Top of Input data
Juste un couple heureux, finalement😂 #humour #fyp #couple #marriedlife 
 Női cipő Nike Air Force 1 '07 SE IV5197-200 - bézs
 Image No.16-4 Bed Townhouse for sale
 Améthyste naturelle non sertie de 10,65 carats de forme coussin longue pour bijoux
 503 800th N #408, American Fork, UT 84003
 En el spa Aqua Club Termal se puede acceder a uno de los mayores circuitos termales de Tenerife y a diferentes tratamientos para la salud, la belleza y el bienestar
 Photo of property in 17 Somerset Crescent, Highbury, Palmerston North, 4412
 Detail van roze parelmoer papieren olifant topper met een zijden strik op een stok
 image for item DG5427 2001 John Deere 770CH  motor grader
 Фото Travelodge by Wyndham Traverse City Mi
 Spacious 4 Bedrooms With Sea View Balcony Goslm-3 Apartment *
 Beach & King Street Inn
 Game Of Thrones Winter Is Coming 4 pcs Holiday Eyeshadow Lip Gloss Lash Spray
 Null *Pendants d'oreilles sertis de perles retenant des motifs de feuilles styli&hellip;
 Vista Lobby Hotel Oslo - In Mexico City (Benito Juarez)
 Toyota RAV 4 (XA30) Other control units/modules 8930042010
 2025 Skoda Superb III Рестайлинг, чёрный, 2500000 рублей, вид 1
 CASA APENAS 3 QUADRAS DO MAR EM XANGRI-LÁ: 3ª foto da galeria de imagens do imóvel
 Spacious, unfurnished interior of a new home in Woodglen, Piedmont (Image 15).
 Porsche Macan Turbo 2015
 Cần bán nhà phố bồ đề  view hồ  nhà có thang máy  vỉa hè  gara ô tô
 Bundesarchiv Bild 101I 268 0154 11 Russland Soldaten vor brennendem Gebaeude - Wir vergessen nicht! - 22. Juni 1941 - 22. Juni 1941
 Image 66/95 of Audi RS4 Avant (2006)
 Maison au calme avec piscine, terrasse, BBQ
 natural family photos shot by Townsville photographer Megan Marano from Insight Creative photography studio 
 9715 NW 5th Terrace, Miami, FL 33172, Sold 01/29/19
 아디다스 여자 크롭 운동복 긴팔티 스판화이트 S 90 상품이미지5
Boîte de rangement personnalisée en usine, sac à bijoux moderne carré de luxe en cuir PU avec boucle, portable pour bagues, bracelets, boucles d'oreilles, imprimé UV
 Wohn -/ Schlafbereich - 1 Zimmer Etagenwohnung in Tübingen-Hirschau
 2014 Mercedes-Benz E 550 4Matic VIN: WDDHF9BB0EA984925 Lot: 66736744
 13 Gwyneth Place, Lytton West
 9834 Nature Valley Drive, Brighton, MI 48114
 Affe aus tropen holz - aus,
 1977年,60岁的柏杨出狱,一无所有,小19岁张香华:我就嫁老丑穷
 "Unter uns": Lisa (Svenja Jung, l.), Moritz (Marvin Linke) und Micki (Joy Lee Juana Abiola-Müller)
Bottom of Input data
What needs to be done: Restate the tail of the listing word for word, beginning at the line containing "13 Gwyneth Place, Lytton West".

Completed exercise:
 13 Gwyneth Place, Lytton West
 9834 Nature Valley Drive, Brighton, MI 48114
 Affe aus tropen holz - aus,
 1977年,60岁的柏杨出狱,一无所有,小19岁张香华:我就嫁老丑穷
 "Unter uns": Lisa (Svenja Jung, l.), Moritz (Marvin Linke) und Micki (Joy Lee Juana Abiola-Müller)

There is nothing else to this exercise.